Tuesday 13 November 2007

Jiang Rong is the pseudonym of Lu Jiamin (61 or 58 depending on which report you read), "a political economy professor working at a university in Beijing", and winner of the inaugural Man Asia Prize (which Sharon at Bibliobibuli has spoken about on several occasions). Both Jonathan Watts at The Guardian and Donald Greenlees at The International Herald Tribune have covered the story.

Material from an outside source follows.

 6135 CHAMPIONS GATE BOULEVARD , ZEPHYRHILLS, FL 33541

No surprises in these facts:

  • Rong is an ex-Tiananmen Square protester
  • The book, Wolf Totem (Lang Tuteng), celebrates an ethnic minority, and
  • Criticises the Han majority
  • Chronicles the writer's experiences during the 1966-76 cultural revolution
  • From 1967 to 1978, he lived on the Inner Mongolian steppe

However, there are some curious facts that are more unexpected:

  • The book is a publishing phenomenon in China
  • Where it has sold two million legal copies (and with an estimated 10 times that number of pirated copies)
  • The propaganda minister has praised its style
  • It has been the subject of literary debates
  • It has been the subject of management motivation courses
  • It has been the subject of military training lectures

Rong did not attend the award ceremony in Hong Kong but he should be heartened by the response to Sharon's blog post about how "Asian story arcs differ significantly from Western ones", according to Nuri Vittachi, a prime-mover in the establishment of the prize who was shouldered out of the judging panel by other experts.

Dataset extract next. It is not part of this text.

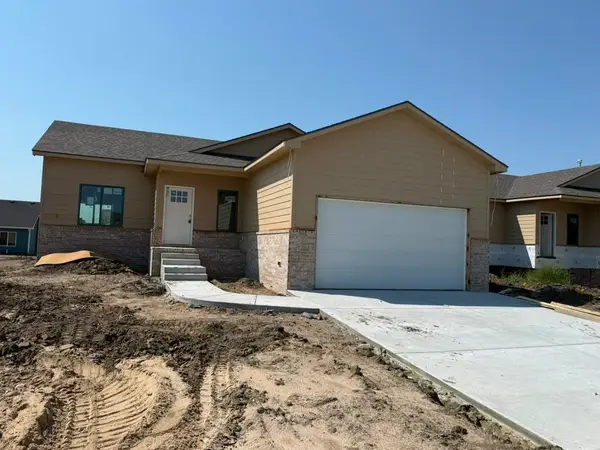 8991 N Joshua Dr, Bel Aire, KS 67226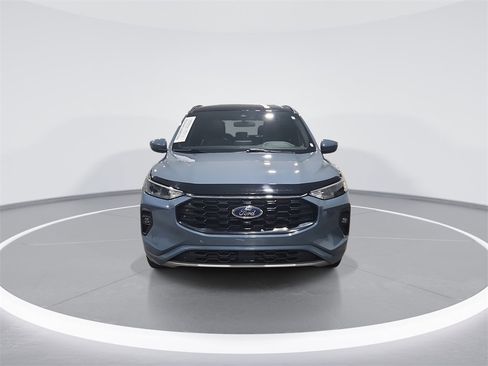 Used 2024 Ford Escape ST-Line Select w/ Class II Trailer Tow Package image 3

Vittachi has complained that the prize is 'too Western' and also chronicles the evolution of the set-up. These are his 'facts':

  • Vittachi had the idea originally
  • And was also the main speaker at the presentation at which Man Group plc gave the green light
  • But Peter Gordon wanted to play a senior role in managing the prize, and
  • Gordon set up a separate organization, chaired by himself, and Vittachi was forbidden to play any role in it
  • The set-up now is "strictly expats only", with no Asian authors involved in any significant roles in administration or judging

Says Vittachi. But here are the real facts. The admin people are, as follows:

  • Mr Peter Gordon (Man Hong Kong International Literary Festival),
  • Prof. Christopher Hutton (Head of School of English, University of Hong Kong),
  • Prof. David Parker (Head of English Department, Chinese University of Hong Kong) and
  • Ms Sue Gourlay (Man Investments)

The judging panel, however, is slightly more Asia-centric:

  • Andre Aciman, Egyptian
  • Adrienne Clarkson, Hong Kong Chinese who emigrated to Canada in 1942
  • Nicholas Jose, Australian who's done a stint (1987-1990) as "Cultural Counsellor at the Australian Embassy" in China

Bizarrely, the Web site of the prize does not contain any mention of the award, while there are numerous media reports available. According to a blog post:

The prize winner was announced at a celebratory dinner at Cipriani Hong Kong. Jiang Rong was awarded USD 10,000 and the book’s translator, Howard Goldblatt, was awarded USD 3,000.

The Bloomberg site tells us the book was published (in Chinese) by Changjiang Art and Culture Publishing House. But The China Daily site tells us it was published by Yangtze Literature and Art publishing House. This link gives a long precis of the book's contents.

Penguin will publish it next year in English.

The China Daily link is interesting in what it displays as the elements that would appeal to China's ruling apparatus:

Jiang argues that agriculture has made people adopt what he calls a "sheep-like temperament."

"They are tame, meek and passive, doomed to be beaten and bullied. On the other hand, the nomadic steppe people have guts and bones just like the wolf."

And:

He describes how [wolves] are considered the embodiment of all the features that any creatures, including man, should possess in order to earn a dignified survival in the harsh environment.

Superior in wit, grit and patience, they are aggressive, relentless, and intractable. On the other hand, they always play by the rules of the game, killing only when hungry, as the maintenance of a wholesome steppe society mandates, and preparing at any time to sacrifice for its team.

Here is some true, battle-hardened Asian essentialism. Rong's earlier subjection to the Party's hegemony over ideas only makes his writing the book now ("Jiang said he prepared for the book for 25 years, then spent six years writing it") more interesting.

The parallels with Tokyo governor Ishihara are striking.